Il reste qu'on ne peut prévoir la position des juridictions judiciaires si elles étaient confrontées, dans un contentieux de nullité de cessions de droits d'auteur à l'initiative de l'auteur pour non respect de l'article L. 131-3 du CPI, à un défendeur co-contractant se prévalant d'une cession implicite intervenue sur la base de l'article 279, g du CGI en application de la jurisprudence administrative.

On ne manquera pas de suivre les prochaines décisions des juridictions judiciaires sur ce sujet.


(1) Taux réduit applicable depuis 2014.
(2) Cette disposition n'est pas applicable aux "cessions de droits portant sur des oeuvres d'architecture et des logiciels et aux cessions de droits patrimoniaux portant sur des oeuvres cinématographiques représentées au cours de spectacles cinématographiques mentionnées à l'article L. 214-1 du Code du cinéma et de l'image animée (N° Lexbase : L6809IEW) ou dans le cadre de festivals de cinéma".
(3) Cass. com., 28 avril 2004, n° 02-14.220, F-D (N° Lexbase : A0491DC8) ; voir également CA Aix en Provence, 8 février 2012, n° 10/22511 (N° Lexbase : A1702ICZ) selon lequel "d'autant qu'en vertu du texte ci-dessus lesdits droits ne peuvent être cédés de manière implicite".
(4) Cass. com., 5 novembre 2002, n° 01-01.926, F-D (N° Lexbase : A6771A38), et Cass. civ. 1, 13 octobre 1993, n° 91-11.241 (N° Lexbase : A3606ACK).
(5) Taux applicable à cette période.
(6) TA Orléans, 27 mai 2011, n° 0803125-1003110.

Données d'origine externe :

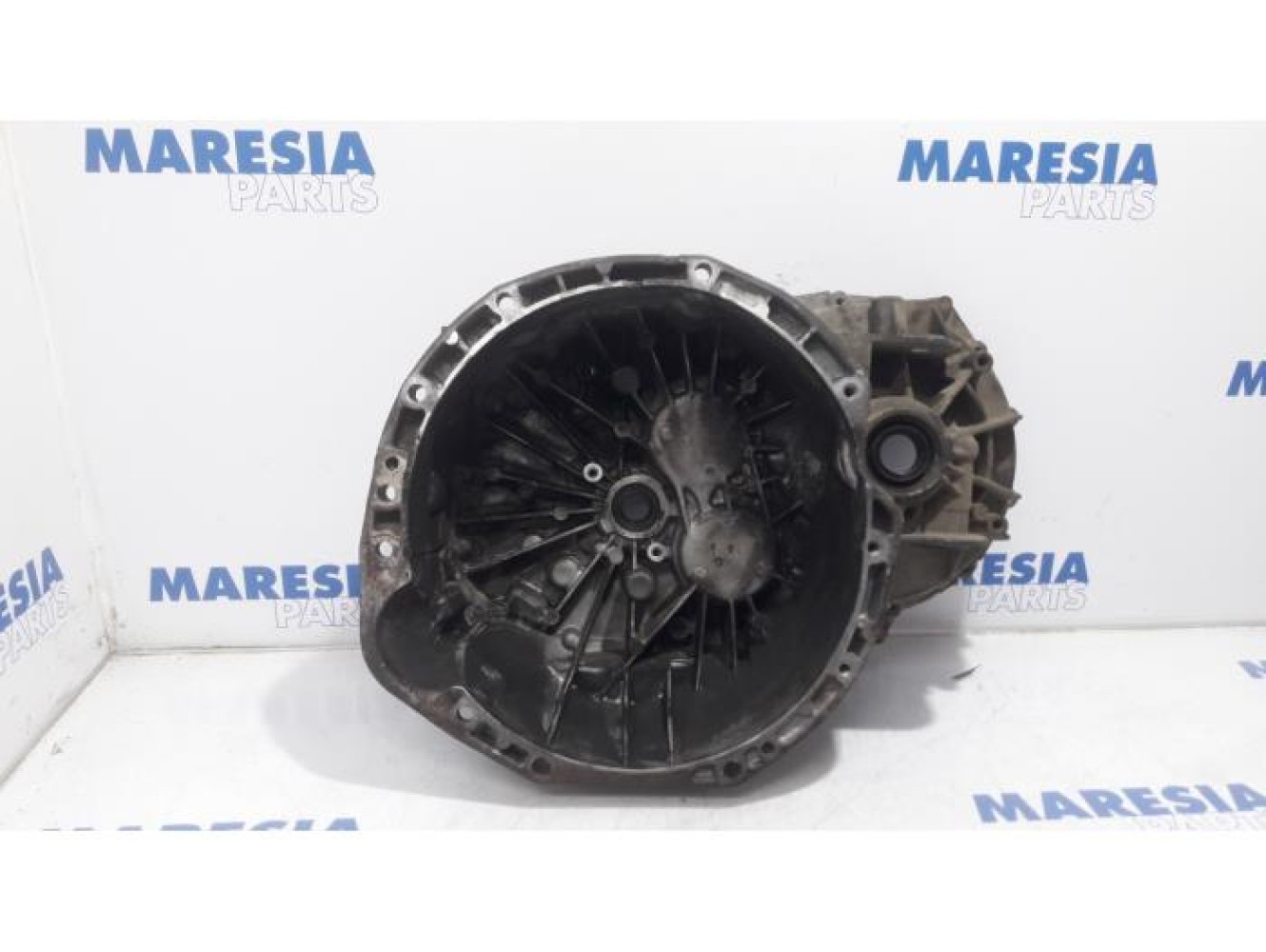 Renault - Master - Gearbox casing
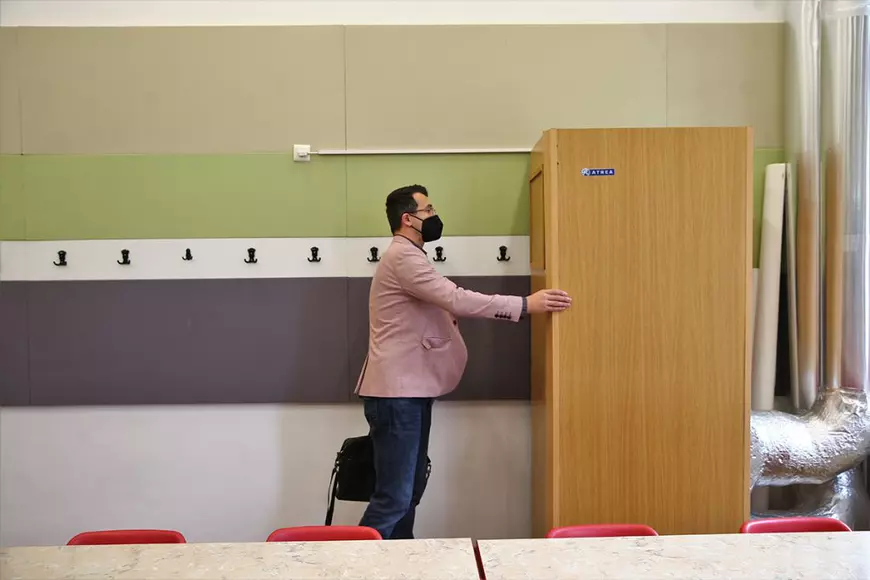 Doi ingineri au creat sala de clasă cu cel mai curat aer din București. „Am aruncat fumigene să vedem cum se răspândește aerul”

(7) CAA Nantes, 17 janvier 2013, n° 11NT02155 (N° Lexbase : A1024MRD).
(8) CE 3° s-s., 23 juillet 2014, n° 367031, inédit au recueil Lebon (N° Lexbase : A7300MUW).
(9) BOI n° 3 A 15-91, n° 199, 16 octobre 1991 (N° Lexbase : X0673ACW).
(10) Point repris au paragraphe 7 de la documentation de base 3B-263 du 18 septembre 2000 (N° Lexbase : X7872AAS).
(11) Point repris au paragraphe 14 de la documentation de base 3C-2298 du 30 mars 2001.
(12) CAA Marseille, 23 juin 2016, n° 14MA04621 (N° Lexbase : A3436RUS).
(13) TA Amiens, 30 décembre 2008, n° 0700392 (N° Lexbase : A8778EIX).